Another approach is to stockpile the vaccine so supplies are ready in the event of an outbreak. This would allow health practitioners to deploy the vaccine faster than they could if there was no preemptive strategy in place. This is likely to be more expensive and less effective than routine vaccination. The inevitable delay in distributing the vaccine would allow the virus to spread, kill more people and potentially mutate to the point of being able to evade people's immune systems. Maintaining large amounts of quality-controlled vaccine could also cost tens to hundreds of millions of dollars each year in the United States alone, because its limited shelf life means that it would need to be replenished.
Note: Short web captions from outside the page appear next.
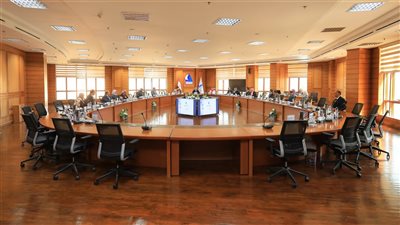 رئيس جامعة كفر الشيخ: التحول الرقمي والذكاء الاصطناعي في صدارة أولويات البحث العلمي بالكليات 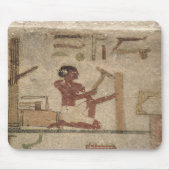 Die Werkstatt des Tischlers Mousepad (Vorne)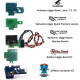 Trigger board replacement switch HPA - Leviathan V1.1 -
A third possibility is to make 'master lots' of the H2N2 vaccine and ramp up production as soon as signs of an outbreak occur. Although this approach may be cheaper, it is less likely to be effective than either of the above. The 2009 epidemic demonstrated that it takes time to distinguish a serious outbreak from ordinary seasonal fluctuations and to identify the agent responsible.

From 1957 to 1968, H2N2 influenza killed more than 1 million people. Credit: BETTMANN/CORBIS

Some argue that it is impossible to justify politically the cost of developing a pre-pandemic H2N2 vaccine. They cite the impediments to distributing vaccines internationally (including regulatory hurdles); the degree of public distrust of vaccines, particularly in Europe and the United States; and the finite public-health resources available. However, another major influenza pandemic is likely to cost far more and create a much greater health burden than a well-planned pre-emptive programme. The US Centers for Disease Control and Prevention estimates that a pandemic outbreak costs the United States between $71 billion and $167 billion.

Sceptics also raise concerns over whether it makes sense to expose individuals to vaccines for pathogens that are not currently in circulation. Fortunately, the previously licensed H2N2 vaccine has a proven safety and efficacy record. The virus that does emerge might have evolved to the point of being able to evade human immunity to this vaccine, but the H2 surface protein's high degree of conservation suggests that this is unlikely.

With the knowledge and technologies available today, the efficacy of an H2N2 vaccine could markedly improve, and its cost may decrease in the coming years. A first step towards a pre-emptive vaccine would be to re-examine the safety and efficacy of the existing H2N2 vaccine in animal models and in phase I and II clinical trials. These studies would allow researchers and public-health officials to determine what dose is needed, and establish who to immunize and when.

Our understanding of influenza-virus biology should allow us to prepare for and even mitigate future pandemics. A deliberate and thoughtful strategy for H2N2 vaccination will save lives and spare the world a major public-health crisis.